Twitter API 2.0 - Unable to fetch user.fields


I am using API version 2.0 and unable to fetch the user.fields results. All other parameters seem to be returning results correctly. I'm following this documentation.

url = "https://api.twitter.com/2/tweets/search/all"

query_params = {
    "query": "APPL",
    "max_results": "10",
    "tweet.fields": "created_at,lang,text,author_id",
    "user.fields": "name,username,created_at,location",
    "expansions": "referenced_tweets.id.author_id",
}

response = requests.request("GET", url, headers=headers, params=query_params).json()

Sample result:

{
  'author_id': '1251347502013521925',
  'text': 'All conspiracy. But watch for bad news on Apple.  Such a vulnerable stocktechnically for the biggest market cap @ $2.1T ( Thanks Jay). This is the glue for the bulls. But, they stopped innovating when Steve died, built a fancy office and split the stock. $appl',
  'lang': 'en',
  'created_at': '2021-06-05T02:33:48.000Z',
  'id': '1401004298738311168',
  'referenced_tweets': [{
    'type': 'retweeted',
    'id': '1401004298738311168'
  }]
}

As you can see, the following information is not returned: name, username, and location.

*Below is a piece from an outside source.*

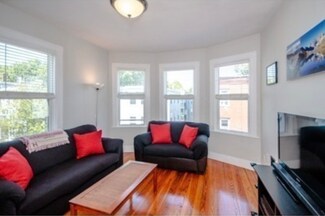 6 Kenney St Unit 3, Jamaica Plain, MA 02130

Any idea how to retrieve this info?


Solution

  • Your query does actually return the correct data. I tested this myself.

    A full example response will be structured like this:

    {
      "data": [
        {
          "created_at": "2021-06-05T02:33:48.000Z",
          "lang": "en",
          "id": "1401004298738311168",
          "text": "All conspiracy. But watch for bad news on Apple.  Such a vulnerable stocktechnically for the biggest market cap @ $2.1T ( Thanks Jay). This is the glue for the bulls. But, they stopped innovating when Steve died, built a fancy office and split the stock. $appl",
          "author_id": "1251347502013521925",
          "referenced_tweets": [
            {
              "type": "retweeted",
              "id": "1401004298738311168"
            }
          ]
        }
      ],
      "includes": {
        "users": [
          {
            "name": "Gary Casper",
            "id": "1251347502013521925",
            "username": "Hisel1979",
            "created_at": "2020-07-11T13:39:58.000Z"
          }
        ]
      }
    }
    

    The sample result you provided comes from within the data object. However, the expanded object data will be nested in the includes object (in your case name, username, and location). The corresponding user object can be referenced via the author_id field.